Aim of the task
Would you print the data below exactly, leaving out every picture?

Data extract

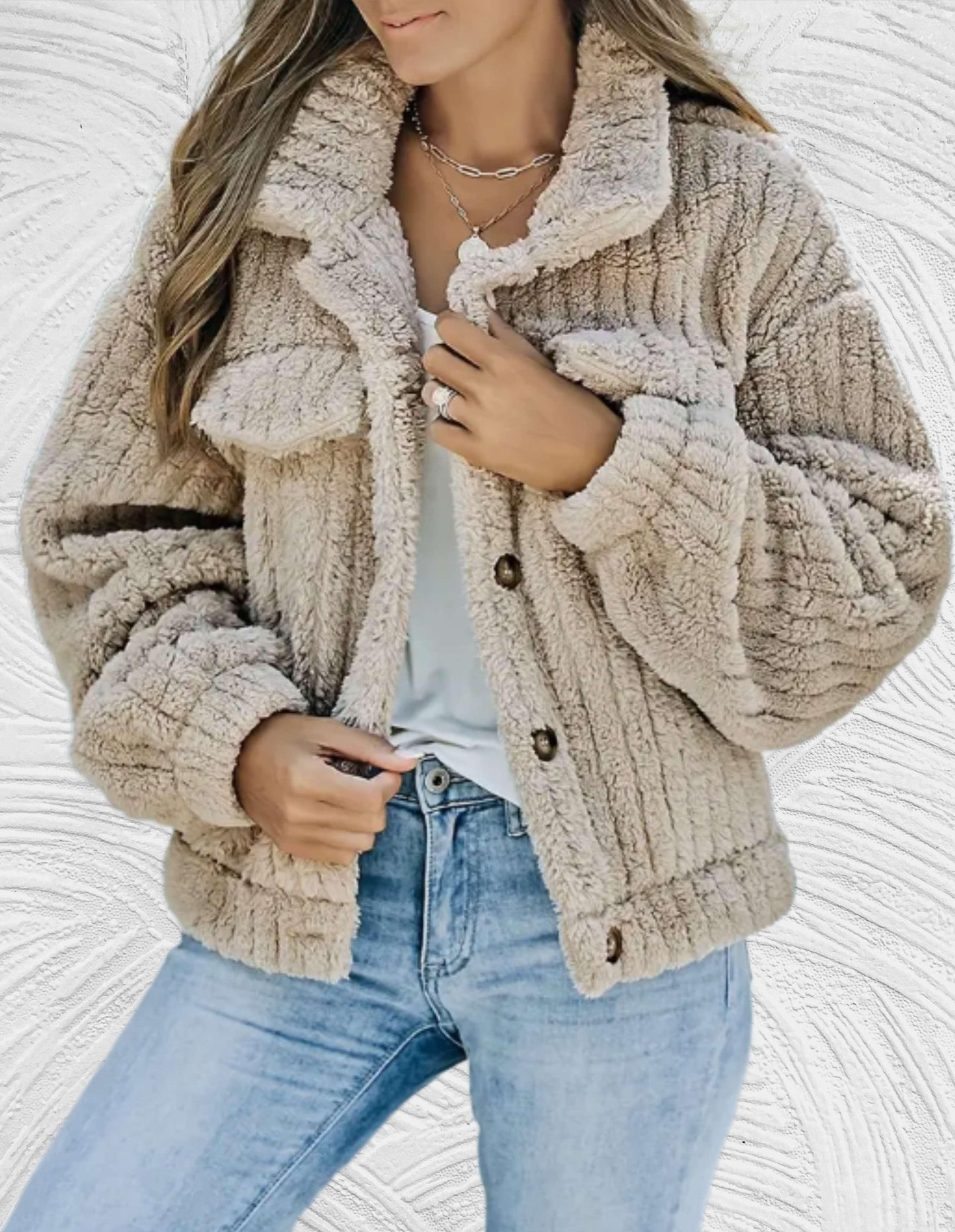 ModeGeist | Damen Wolljacke Stilvolle Winter/herbst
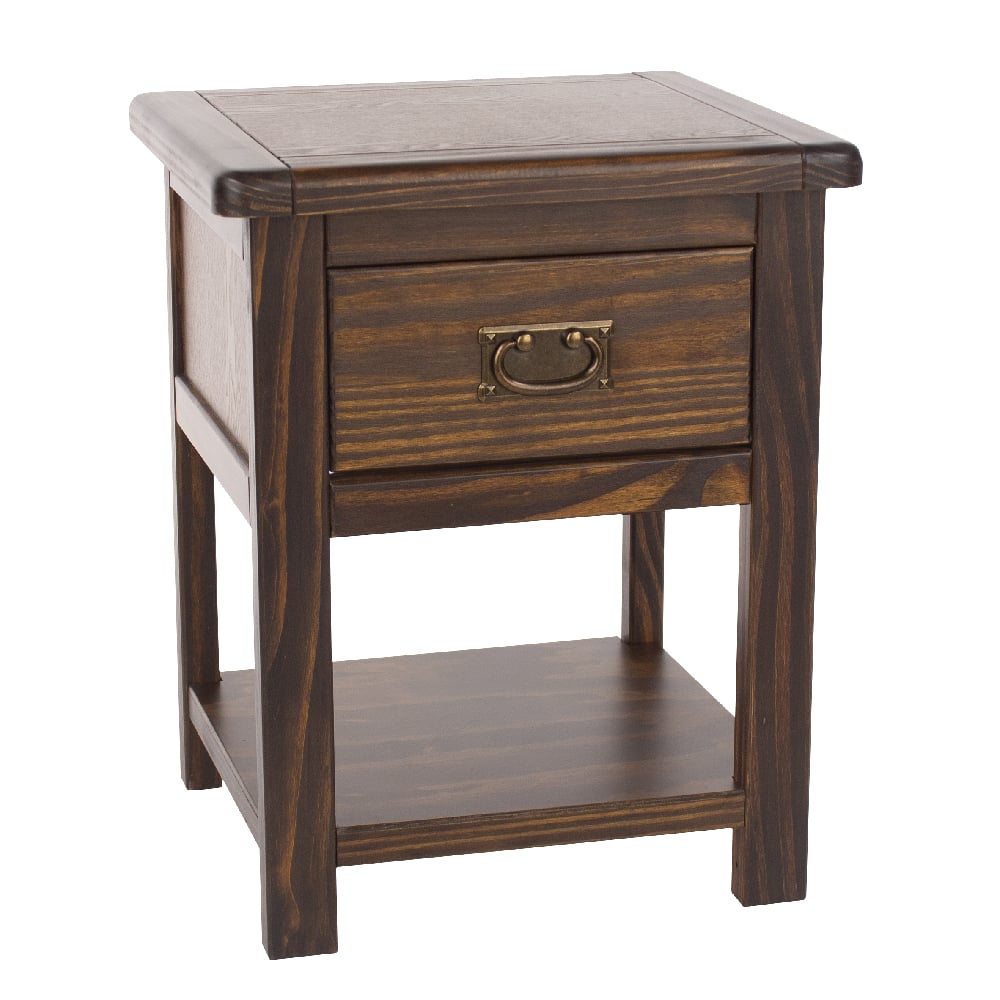 Product photograph of Birtley Wooden Bedside Cabinet With 1 Drawer In Dark Brown from Furniture in Fashion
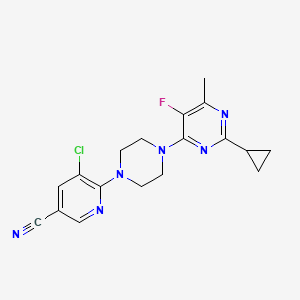 molecular formula C18H18ClFN6 B6464381 5-chloro-6-[4-(2-cyclopropyl-5-fluoro-6-methylpyrimidin-4-yl)piperazin-1-yl]pyridine-3-carbonitrile CAS No. 2640896-96-2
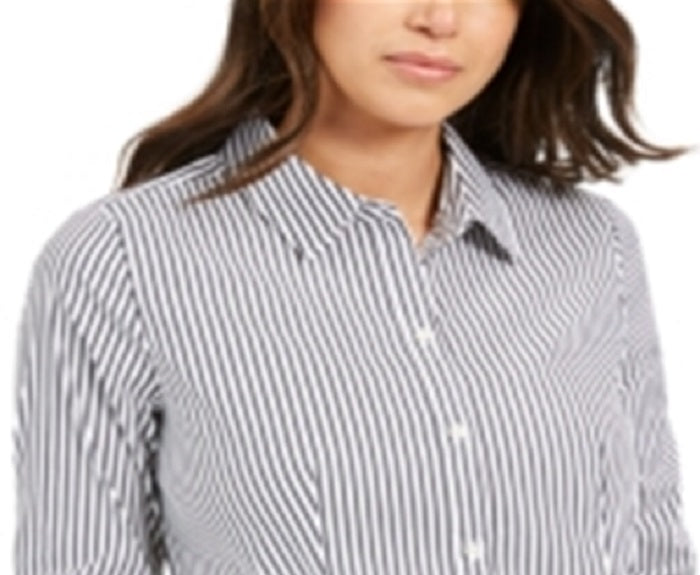 Blusa feminina listrada com punho e gola, abotoada, para usar no trabalho, preta, tamanho 4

Result
 ModeGeist | Damen Wolljacke Stilvolle Winter/herbst
 Product photograph of Birtley Wooden Bedside Cabinet With 1 Drawer In Dark Brown from Furniture in Fashion
 molecular formula C18H18ClFN6 B6464381 5-chloro-6-[4-(2-cyclopropyl-5-fluoro-6-methylpyrimidin-4-yl)piperazin-1-yl]pyridine-3-carbonitrile CAS No. 2640896-96-2
 Blusa feminina listrada com punho e gola, abotoada, para usar no trabalho, preta, tamanho 4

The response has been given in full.